Credit guru Thea Dudley has spent more than 30 years in LBM credit management. Now she's here to answer your credit and collections questions. Got a question for her mailbag? Contact Thea at [email protected].
I’m a sales representative who’s been in the construction industry for a long time. I know my customers very well and it’s offensive to me when I have a credit manager question me on my support of one of my longtime customers. I’ve spent a lot of time building these relationships and am not looking to lose money any more than the credit manager. So it’s irritating to me to be portrayed as a hapless, heartless, anything-for-the-sale, don’t-care-about-anything-but-myself-and-my-sales-goals kind of guy. I would like to remind you that, just like credit managers, there are good sales reps and not so great ones and, just like credit managers, the good ones would like a little respect.

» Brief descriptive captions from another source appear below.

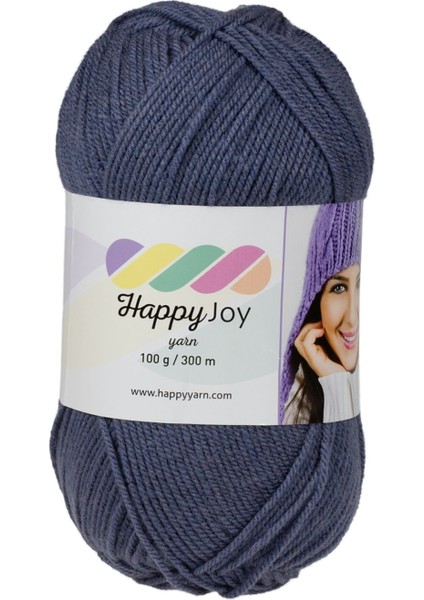 Kürkçü Han Happy Joy 100GR 300M El Örgü Ipi Jeans HJ074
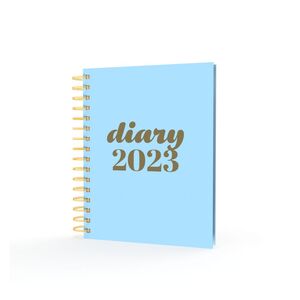 Collins Debden Scandi A5 Week To View Diary 2023 - Blue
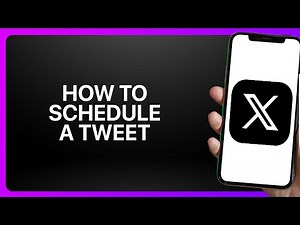 How To Schedule A Tweet In X App (Twitter) ! Tutorial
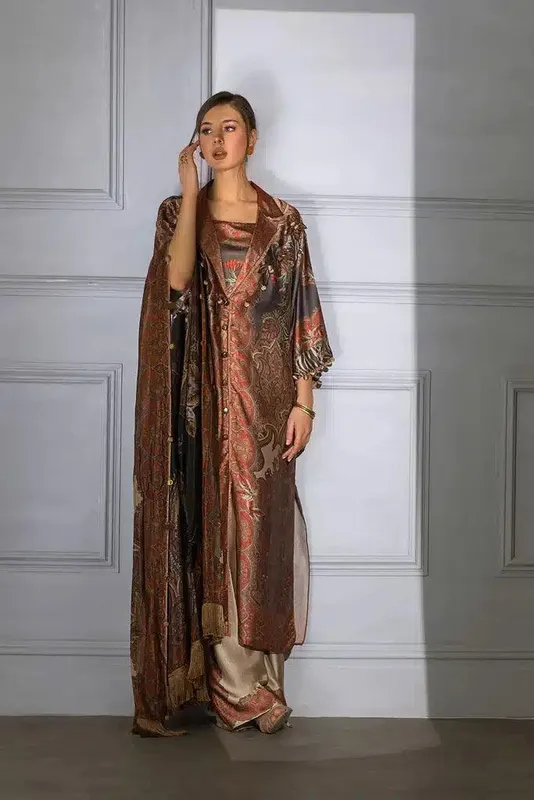 Sobia Nazir Silk Collection 23 Satin – view 1 – Poshaq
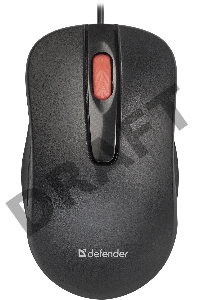 Мышь проводная DEFENDER USB OPTICAL MM-756 BLACK 52756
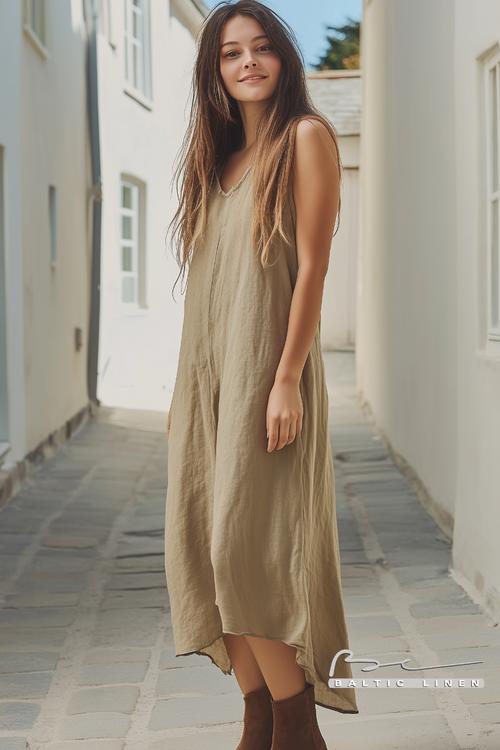 Eco-Friendly Fashion: Mariacarla Boscono Rocks a Stylish Linen Dress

Signed, Not All Sales Reps Are Created Equal
Dear Not Created Equal, Pleasing everyone is impossible, but pissing multiple people off at any given time is a piece of cake. My dear, whatever has given you the idea that I view all sales reps of the same ilk? Not so. Sales reps are some of my very favorite people. You and your kind have provided me with hours of emotional peaks and valleys. The mind of a sales rep never fails to intrigue me. Credit and sales have different seats on the bus, but never mistake that I (and many of my credit-managing kind) understand we’re on the same bus.
Sales reps have given me unlimited hours of entertainment, frustration, and education. Let me give you a more visual description of my thoughts on sales reps: I equate them to underpants. Yes, you read that right, underpants. Some crawl up your booty. Some snap under pressure. Some don’t have the strength to hold you up. Some get a little twisted. Some support you. Some are your favorite. Some are cheap and are always bent out of shape. And finally, some actually do cover your butt when you need them to!
I know you’ve turned that around in your head to describe credit managers. Fair enough. Just like sales reps, credit managers come in all shades of the professional spectrum. I’ve run into credit managers I don’t understand anymore than some sales professionals. Those are the challenges I like. Challenging the thinking. Encountering a credit manager who’s stuck in the antiquated line of thinking that credit and sales are adversarial and never the two shall meet, and saying, “Nope, not my pasture, not my cows.”
It reminds me of people doing the two-foot shuffle and never going out of the little box they’ve created with their two little steps. These are the credit managers I don’t connect with. If we’re going to do this dance, the entire dance floor is mine and I’m going to use it.
Same with sales. When I walk into a sales meeting and encounter a sales rep who’s never worked with a true credit professional—someone who understands the business, what it takes to get sales, is willing to work to help keep or get the customer, educate, and support the salesperson—that’s when the fun for a credit pro begins. Showing them the “dark side” isn’t as frightening as they thought.
So, dear Not Created Equal, you made your point. I hope you’re now feeling the credit love. Don’t misunderstand, I’m still going to giggle (alright, laugh out loud) at some of the things my reps do and say—the stories are just too good—but it’s done with love when retold with multiple glasses of wine at credit conferences everywhere.